* _RECORDS FOR PROCESSING_
_ _ _ _ _ _ _
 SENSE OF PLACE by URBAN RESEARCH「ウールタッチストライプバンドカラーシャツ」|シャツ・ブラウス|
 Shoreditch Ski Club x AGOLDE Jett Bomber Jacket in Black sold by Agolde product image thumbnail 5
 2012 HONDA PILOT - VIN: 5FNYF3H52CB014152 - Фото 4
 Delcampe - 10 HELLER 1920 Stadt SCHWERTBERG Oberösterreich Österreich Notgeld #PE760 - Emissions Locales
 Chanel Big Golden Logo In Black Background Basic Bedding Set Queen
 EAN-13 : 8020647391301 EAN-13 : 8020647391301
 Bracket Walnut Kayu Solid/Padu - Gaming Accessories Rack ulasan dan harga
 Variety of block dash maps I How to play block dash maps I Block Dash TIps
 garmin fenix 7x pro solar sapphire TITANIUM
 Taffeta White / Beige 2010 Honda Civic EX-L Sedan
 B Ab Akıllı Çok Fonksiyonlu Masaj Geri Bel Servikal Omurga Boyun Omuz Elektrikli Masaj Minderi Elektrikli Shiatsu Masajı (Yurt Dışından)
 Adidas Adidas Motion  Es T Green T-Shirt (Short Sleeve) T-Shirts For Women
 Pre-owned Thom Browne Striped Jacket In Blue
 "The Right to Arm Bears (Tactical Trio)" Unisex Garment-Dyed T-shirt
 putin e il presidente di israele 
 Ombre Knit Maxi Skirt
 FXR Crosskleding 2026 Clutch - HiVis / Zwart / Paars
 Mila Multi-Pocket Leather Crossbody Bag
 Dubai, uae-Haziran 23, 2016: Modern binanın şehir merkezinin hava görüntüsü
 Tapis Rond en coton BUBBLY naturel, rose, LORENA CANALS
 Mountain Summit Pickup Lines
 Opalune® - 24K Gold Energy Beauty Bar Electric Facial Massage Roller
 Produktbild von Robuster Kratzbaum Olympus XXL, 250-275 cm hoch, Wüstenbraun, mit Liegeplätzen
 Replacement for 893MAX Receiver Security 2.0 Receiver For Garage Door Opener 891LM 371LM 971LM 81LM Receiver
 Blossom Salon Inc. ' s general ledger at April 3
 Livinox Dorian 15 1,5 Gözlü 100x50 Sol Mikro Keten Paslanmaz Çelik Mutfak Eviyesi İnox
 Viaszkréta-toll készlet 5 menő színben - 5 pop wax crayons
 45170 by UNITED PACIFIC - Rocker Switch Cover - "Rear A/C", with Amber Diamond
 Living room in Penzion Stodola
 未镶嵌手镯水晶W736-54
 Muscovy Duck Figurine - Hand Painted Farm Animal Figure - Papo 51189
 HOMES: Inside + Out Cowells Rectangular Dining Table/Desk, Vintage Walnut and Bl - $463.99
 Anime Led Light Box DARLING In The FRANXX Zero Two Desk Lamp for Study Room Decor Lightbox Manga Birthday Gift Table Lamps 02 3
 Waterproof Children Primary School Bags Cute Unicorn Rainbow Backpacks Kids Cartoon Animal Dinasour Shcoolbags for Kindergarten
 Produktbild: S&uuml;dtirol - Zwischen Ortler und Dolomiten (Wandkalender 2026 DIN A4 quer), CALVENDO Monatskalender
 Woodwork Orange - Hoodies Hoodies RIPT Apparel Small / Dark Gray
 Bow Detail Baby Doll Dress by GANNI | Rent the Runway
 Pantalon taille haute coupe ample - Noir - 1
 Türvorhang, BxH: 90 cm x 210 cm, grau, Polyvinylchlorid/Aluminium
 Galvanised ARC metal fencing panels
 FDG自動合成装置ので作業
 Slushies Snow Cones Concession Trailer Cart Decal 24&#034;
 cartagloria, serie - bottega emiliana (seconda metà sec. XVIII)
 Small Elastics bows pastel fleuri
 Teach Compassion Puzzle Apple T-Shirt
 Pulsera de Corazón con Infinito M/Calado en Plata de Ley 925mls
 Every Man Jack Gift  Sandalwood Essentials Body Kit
_ _ _ _ _ _ _
* _PROBLEM DESCRIPTION_
The response has to match the data exactly, line for line.

* _WRITTEN RESPONSE_
 SENSE OF PLACE by URBAN RESEARCH「ウールタッチストライプバンドカラーシャツ」|シャツ・ブラウス|
 Shoreditch Ski Club x AGOLDE Jett Bomber Jacket in Black sold by Agolde product image thumbnail 5
 2012 HONDA PILOT - VIN: 5FNYF3H52CB014152 - Фото 4
 Delcampe - 10 HELLER 1920 Stadt SCHWERTBERG Oberösterreich Österreich Notgeld #PE760 - Emissions Locales
 Chanel Big Golden Logo In Black Background Basic Bedding Set Queen
 EAN-13 : 8020647391301 EAN-13 : 8020647391301
 Bracket Walnut Kayu Solid/Padu - Gaming Accessories Rack ulasan dan harga
 Variety of block dash maps I How to play block dash maps I Block Dash TIps
 garmin fenix 7x pro solar sapphire TITANIUM
 Taffeta White / Beige 2010 Honda Civic EX-L Sedan
 B Ab Akıllı Çok Fonksiyonlu Masaj Geri Bel Servikal Omurga Boyun Omuz Elektrikli Masaj Minderi Elektrikli Shiatsu Masajı (Yurt Dışından)
 Adidas Adidas Motion  Es T Green T-Shirt (Short Sleeve) T-Shirts For Women
 Pre-owned Thom Browne Striped Jacket In Blue
 "The Right to Arm Bears (Tactical Trio)" Unisex Garment-Dyed T-shirt
 putin e il presidente di israele 
 Ombre Knit Maxi Skirt
 FXR Crosskleding 2026 Clutch - HiVis / Zwart / Paars
 Mila Multi-Pocket Leather Crossbody Bag
 Dubai, uae-Haziran 23, 2016: Modern binanın şehir merkezinin hava görüntüsü
 Tapis Rond en coton BUBBLY naturel, rose, LORENA CANALS
 Mountain Summit Pickup Lines
 Opalune® - 24K Gold Energy Beauty Bar Electric Facial Massage Roller
 Produktbild von Robuster Kratzbaum Olympus XXL, 250-275 cm hoch, Wüstenbraun, mit Liegeplätzen
 Replacement for 893MAX Receiver Security 2.0 Receiver For Garage Door Opener 891LM 371LM 971LM 81LM Receiver
 Blossom Salon Inc. ' s general ledger at April 3
 Livinox Dorian 15 1,5 Gözlü 100x50 Sol Mikro Keten Paslanmaz Çelik Mutfak Eviyesi İnox
 Viaszkréta-toll készlet 5 menő színben - 5 pop wax crayons
 45170 by UNITED PACIFIC - Rocker Switch Cover - "Rear A/C", with Amber Diamond
 Living room in Penzion Stodola
 未镶嵌手镯水晶W736-54
 Muscovy Duck Figurine - Hand Painted Farm Animal Figure - Papo 51189
 HOMES: Inside + Out Cowells Rectangular Dining Table/Desk, Vintage Walnut and Bl - $463.99
 Anime Led Light Box DARLING In The FRANXX Zero Two Desk Lamp for Study Room Decor Lightbox Manga Birthday Gift Table Lamps 02 3
 Waterproof Children Primary School Bags Cute Unicorn Rainbow Backpacks Kids Cartoon Animal Dinasour Shcoolbags for Kindergarten
 Produktbild: S&uuml;dtirol - Zwischen Ortler und Dolomiten (Wandkalender 2026 DIN A4 quer), CALVENDO Monatskalender
 Woodwork Orange - Hoodies Hoodies RIPT Apparel Small / Dark Gray
 Bow Detail Baby Doll Dress by GANNI | Rent the Runway
 Pantalon taille haute coupe ample - Noir - 1
 Türvorhang, BxH: 90 cm x 210 cm, grau, Polyvinylchlorid/Aluminium
 Galvanised ARC metal fencing panels
 FDG自動合成装置ので作業
 Slushies Snow Cones Concession Trailer Cart Decal 24&#034;
 cartagloria, serie - bottega emiliana (seconda metà sec. XVIII)
 Small Elastics bows pastel fleuri
 Teach Compassion Puzzle Apple T-Shirt
 Pulsera de Corazón con Infinito M/Calado en Plata de Ley 925mls
 Every Man Jack Gift  Sandalwood Essentials Body Kit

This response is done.